After he returned to the United States, Pierre Bourdelle married Ruth Magor in 1946. From this union were born Stephanie Bourdelle in 1947 and Peter Anthony Bourdelle in 1948. The following year Bourdelle created a fresco titled Popocat[é]petl Asleep for the Hotel Prado in Mexico City. He also created numerous works in sculpted linoleum in trains belonging to the Budd Company in Philadelphia. Several bar fronts and steward’s podiums for the California Zephyr are decorated with panels representing fauna and flora. Panels of maps decorated the coffee shop and at least one steward’s podium, of which a photograph exists. Between 1952 and 1955 the artist will reiterate this experience by participating in the decoration of three other trains. Contrary to his work on the California Zephyr he drew inspiration from the American Indian culture in his decorations for the Atchison, Topeka & Santa Fe Railway, the P.R.R. Senator and Congressional Train, and the Great Northern Railway.

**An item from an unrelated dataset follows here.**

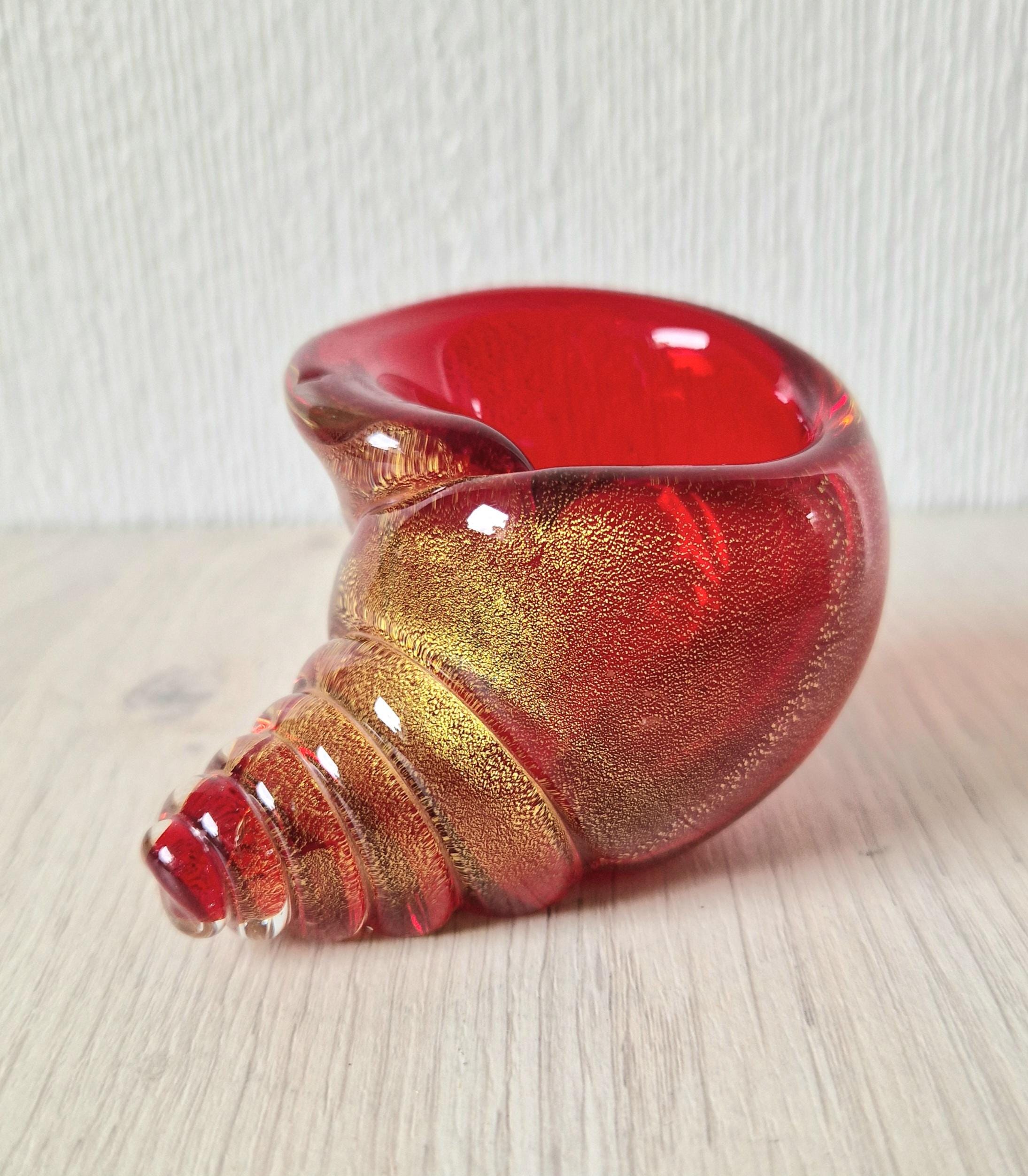 Vintage Archimede Seguso Red & Gold Flake Murano Art Glass Conch Shell Ornament 1950's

From 1949 to 1950 Bourdelle lived for a time in Haiti with his entire family. During this brief sojourn, he worked within the context of Haiti’s Bicentennial Exposition in Port-au-Prince. He created numerous works, among which one must include some sculpted linoleum works representing flora and fauna for the entrance hall of the presidential palace, as well as bas-reliefs in colored cement representing the creation of the national flag on the Tower of Independence. This was the last time Pierre Bourdelle participated in a project for architectural decorations of such magnitude.
During the ten final years of his life, Pierre Bourdelle did not limit himself to sculpture. If in 1957 he created some bas-reliefs in metal for the Kohler Memorial Auditorium in Kohler, Wisconsin, however, in 1958 he renewed with the mosaic technique for Park Avenue Building, New York. He also continued his work in linoleum at the Priory of Saint Dominic in Washington, D.C. In 1961 the altar of the chapel was decorated with a relief that represented the life of the saint. At this time Bourdelle taught at C.W. Post College in Brookville, New York, where he was an artist-in-residence. Here, most notably, he created a work in bronze, Admiral Conolly’s Memorial, which was unveiled on December 16, 1962. In 1966, Bourdelle and his daughter Stephanie traveled to Geneva, Switzerland. They were joined shortly thereafter by Ruth and Peter Bourdelle. The artist needed to help Madame Marion Cartier-Claudel with a project involving a church window, however, Pierre Bourdelle died of a heart attack on June 5, 1966. Afterwards his ashes were dispersed at Oyster Bay, New York, U.S.A.